Why do i have to be blamed because of OTHER peoples assumptions. When i todl Zach i told him you thought you were a lesbian.. but i didnt think you were, i never have. like i said, when i told my friends, i always said she thinks she is.. but i dont.. and i asked them how i could help her find out who she is. which maybe she really is and shes not ready to accept it, but idk.... i love how i automatically told everyone that... when 1. I didnt tell many people at all, only my close friends or i discussed it with your friends who brought it up. and 2. i always said i didnt think you were.!!!

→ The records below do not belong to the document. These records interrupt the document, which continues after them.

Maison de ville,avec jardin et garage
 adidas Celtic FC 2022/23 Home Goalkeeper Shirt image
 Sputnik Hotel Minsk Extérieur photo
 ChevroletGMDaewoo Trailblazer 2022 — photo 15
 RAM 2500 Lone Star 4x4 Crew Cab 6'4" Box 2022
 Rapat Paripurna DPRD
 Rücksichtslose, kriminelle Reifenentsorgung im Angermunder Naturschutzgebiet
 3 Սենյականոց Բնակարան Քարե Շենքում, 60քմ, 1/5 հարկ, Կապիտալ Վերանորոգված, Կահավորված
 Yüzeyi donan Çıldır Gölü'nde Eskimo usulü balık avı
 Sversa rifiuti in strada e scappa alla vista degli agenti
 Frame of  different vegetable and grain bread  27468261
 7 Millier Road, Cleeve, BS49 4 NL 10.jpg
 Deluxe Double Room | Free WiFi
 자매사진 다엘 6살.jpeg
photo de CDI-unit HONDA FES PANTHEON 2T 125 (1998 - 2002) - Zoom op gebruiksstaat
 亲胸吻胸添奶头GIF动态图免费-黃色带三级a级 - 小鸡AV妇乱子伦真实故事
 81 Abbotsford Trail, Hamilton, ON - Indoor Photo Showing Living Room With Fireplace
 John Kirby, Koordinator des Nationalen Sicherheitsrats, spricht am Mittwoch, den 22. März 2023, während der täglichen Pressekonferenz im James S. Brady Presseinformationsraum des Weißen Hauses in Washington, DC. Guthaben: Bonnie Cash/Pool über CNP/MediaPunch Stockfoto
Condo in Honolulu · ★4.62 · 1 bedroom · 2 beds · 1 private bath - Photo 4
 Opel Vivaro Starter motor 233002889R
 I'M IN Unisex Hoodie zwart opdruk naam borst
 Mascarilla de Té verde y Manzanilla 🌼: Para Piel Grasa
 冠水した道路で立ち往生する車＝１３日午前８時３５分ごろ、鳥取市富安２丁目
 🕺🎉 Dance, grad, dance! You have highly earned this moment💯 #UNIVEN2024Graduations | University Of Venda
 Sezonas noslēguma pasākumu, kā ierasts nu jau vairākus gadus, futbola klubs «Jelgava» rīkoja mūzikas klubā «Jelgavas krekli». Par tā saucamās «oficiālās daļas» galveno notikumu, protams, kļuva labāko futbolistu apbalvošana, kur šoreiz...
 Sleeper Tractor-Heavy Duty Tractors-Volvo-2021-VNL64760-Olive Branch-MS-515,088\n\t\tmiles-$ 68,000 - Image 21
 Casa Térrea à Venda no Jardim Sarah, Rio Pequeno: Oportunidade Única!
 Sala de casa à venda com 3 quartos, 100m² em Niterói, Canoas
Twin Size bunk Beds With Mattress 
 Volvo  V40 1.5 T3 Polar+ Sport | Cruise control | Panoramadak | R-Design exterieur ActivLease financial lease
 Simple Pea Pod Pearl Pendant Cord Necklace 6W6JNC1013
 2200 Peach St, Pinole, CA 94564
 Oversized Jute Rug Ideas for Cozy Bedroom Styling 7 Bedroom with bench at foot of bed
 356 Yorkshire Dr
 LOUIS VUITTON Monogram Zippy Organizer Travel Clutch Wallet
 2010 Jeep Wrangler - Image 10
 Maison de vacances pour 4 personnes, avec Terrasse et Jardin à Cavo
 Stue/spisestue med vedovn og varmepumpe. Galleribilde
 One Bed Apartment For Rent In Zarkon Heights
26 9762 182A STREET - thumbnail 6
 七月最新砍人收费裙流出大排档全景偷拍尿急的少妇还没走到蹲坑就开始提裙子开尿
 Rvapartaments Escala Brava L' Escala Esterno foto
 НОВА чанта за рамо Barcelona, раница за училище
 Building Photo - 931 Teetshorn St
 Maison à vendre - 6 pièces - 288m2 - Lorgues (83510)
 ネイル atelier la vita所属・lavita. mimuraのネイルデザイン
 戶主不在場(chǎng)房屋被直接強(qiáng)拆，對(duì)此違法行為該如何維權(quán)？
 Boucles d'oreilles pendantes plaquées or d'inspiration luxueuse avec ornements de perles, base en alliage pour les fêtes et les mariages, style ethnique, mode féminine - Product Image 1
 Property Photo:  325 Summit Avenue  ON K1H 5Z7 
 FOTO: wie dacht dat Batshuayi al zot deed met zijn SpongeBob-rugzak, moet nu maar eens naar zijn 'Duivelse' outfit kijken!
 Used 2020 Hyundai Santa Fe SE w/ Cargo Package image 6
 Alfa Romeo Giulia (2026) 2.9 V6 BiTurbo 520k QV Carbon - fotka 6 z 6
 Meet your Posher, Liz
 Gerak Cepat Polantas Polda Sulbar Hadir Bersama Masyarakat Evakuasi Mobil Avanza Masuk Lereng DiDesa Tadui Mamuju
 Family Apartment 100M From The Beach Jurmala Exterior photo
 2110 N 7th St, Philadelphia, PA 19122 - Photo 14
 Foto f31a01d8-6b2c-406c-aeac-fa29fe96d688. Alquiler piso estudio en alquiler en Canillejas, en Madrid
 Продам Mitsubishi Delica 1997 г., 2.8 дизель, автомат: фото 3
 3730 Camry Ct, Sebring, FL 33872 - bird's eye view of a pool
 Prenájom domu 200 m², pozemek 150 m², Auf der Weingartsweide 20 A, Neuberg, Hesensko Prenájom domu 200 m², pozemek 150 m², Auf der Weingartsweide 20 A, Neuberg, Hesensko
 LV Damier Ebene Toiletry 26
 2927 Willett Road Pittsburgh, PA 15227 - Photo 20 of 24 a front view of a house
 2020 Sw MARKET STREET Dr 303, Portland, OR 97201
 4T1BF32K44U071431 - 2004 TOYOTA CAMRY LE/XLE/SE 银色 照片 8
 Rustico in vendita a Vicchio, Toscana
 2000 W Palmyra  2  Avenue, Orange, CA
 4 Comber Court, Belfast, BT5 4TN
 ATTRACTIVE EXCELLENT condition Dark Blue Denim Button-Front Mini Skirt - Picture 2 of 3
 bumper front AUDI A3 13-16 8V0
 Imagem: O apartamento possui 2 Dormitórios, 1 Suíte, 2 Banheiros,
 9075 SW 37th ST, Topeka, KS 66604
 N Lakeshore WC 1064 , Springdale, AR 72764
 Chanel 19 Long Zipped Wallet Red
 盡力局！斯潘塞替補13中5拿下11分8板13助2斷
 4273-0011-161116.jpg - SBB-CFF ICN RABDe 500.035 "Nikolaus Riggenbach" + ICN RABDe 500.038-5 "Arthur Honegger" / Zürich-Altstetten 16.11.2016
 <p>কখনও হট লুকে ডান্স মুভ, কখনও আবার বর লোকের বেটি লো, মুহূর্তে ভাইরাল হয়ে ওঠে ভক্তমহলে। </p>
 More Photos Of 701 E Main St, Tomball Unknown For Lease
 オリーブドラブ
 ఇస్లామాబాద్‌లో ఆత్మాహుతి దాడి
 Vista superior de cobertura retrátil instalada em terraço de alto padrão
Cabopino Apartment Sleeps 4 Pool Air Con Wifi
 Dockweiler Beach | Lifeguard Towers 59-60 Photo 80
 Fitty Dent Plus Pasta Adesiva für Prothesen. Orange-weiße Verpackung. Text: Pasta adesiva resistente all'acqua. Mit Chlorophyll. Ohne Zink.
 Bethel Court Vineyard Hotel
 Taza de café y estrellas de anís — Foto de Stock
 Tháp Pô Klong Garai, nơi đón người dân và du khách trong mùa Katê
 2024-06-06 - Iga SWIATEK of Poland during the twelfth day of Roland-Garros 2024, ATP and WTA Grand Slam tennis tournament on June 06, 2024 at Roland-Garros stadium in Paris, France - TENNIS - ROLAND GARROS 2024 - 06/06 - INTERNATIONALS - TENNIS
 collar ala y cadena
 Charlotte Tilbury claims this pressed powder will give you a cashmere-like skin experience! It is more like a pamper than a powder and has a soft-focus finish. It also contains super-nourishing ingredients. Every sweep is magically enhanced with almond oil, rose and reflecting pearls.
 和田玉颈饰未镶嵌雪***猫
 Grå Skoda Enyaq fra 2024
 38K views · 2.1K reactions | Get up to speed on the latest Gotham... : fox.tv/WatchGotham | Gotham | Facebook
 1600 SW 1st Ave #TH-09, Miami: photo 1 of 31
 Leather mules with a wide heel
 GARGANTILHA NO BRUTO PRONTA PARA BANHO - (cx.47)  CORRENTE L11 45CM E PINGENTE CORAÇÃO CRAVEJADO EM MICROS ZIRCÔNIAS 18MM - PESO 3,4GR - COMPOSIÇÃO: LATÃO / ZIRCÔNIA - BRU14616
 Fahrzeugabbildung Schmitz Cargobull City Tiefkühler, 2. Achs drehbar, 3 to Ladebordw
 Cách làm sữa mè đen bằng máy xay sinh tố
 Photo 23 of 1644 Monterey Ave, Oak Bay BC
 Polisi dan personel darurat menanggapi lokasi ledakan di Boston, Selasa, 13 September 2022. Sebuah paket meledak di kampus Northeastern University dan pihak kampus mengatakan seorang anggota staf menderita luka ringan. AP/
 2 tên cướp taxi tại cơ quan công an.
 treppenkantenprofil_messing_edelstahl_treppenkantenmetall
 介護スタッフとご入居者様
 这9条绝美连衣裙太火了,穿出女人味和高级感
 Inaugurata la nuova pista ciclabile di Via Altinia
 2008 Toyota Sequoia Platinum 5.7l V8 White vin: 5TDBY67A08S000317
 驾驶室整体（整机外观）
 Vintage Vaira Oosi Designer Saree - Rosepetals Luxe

and with the fuckin nicole thing.. er that really pissed me off. the only time i bad mouthed her and nicole was to alex. and it really wasnt even that bad. cuz alex told me some sketchy stories about nicole and i was a little intoxicated and blurted that you had a crush on me, but once again im pretty sure i said i didnt believe it.. but alex was creating the stories too. telling me it would be possible for those 2 to be involved. and all i said was, "well i hope they are fuckin happy together and will just leave me alone."
at the fair... many of your friends came up to me.. some to tell me about what you were saying about me... and others talking about you and nicole living together. and my reply was "hey as long as she's happy." Not saying YES they are in a relationship, or denying it. just saying as long as going ot her house makes you happy. I didnt say as long as she makes her happy, i said as long as shes happy. some of her close friends though were the ones with GROUPS of people... who were telling stories.. about you staying at her house, back rubs all the time.. yah i dont see the big deal either.. but i tried not to get involved and look at where it fuckin got me...
i guess now im at my angry stage..
cuz i lost a friend over a lot of shit that needs to be cleared up. and if we still arent gonna be friends even if it gets cleared up thats fine. but i bet you wouldnt think this bad of me if you knew ALL the truth.. and how the poeple you are probably around everyday are more harmful than who i am today... but whatever, i can't change antyhing. some people must learn the hard way. and i dont think this gets read anymroe.

:-/......... :-(...... :,-(
I miss her. for the weirdest reason. A song came on that has NOTHING to do with her... one of the new disturbed songs.. and it said Holocaust... which made me think of her cuz she likes that stuff i guess...

It's weird though.. cuz like.. im not really bothered when she tries to upset, if thats what shes doing.. like.. im pretty much done coping.. like.. i get we won't ever be friends again.. but i still really miss her. she was my best friend for most of the summer... and i can really say that now cuz i can finally see it. I went over there almost every day!!!!! more than i saw Em and Ash combined! even if i had other plans.. like when i went to bens house, i stopped off there first. So now, ive dealt with it cuz i dont get really depressed or cry or anything.
but.. i can look back now and see and say these things.. and still be able to move on with my day. I can say, hey she was my best friend, hey i fucked up.. even though i think we made it thru much worse before.... and now i can say, hey... we're done. See, this journal thingy was a good idea.. cuz instead of all this shit floating thru my head.. once i write it out.. like i said.. write it out.. its out.. which is whyi love writing.. cuz if i get it out writing.. so like i can look back at it, i dont think about it TOO much.. if i just speak.. it still stays on my mind.. like a record... alright i gotta get ready for calss.
like she said in the bottom of her profile.. this summer was awesome... and i know she didnt put that in there about me.... but when i read it i think of the good times we had. Trampoline time. trips to rite-aid (like in the iroc!) watching movies, hear to heart talks. softball games!!!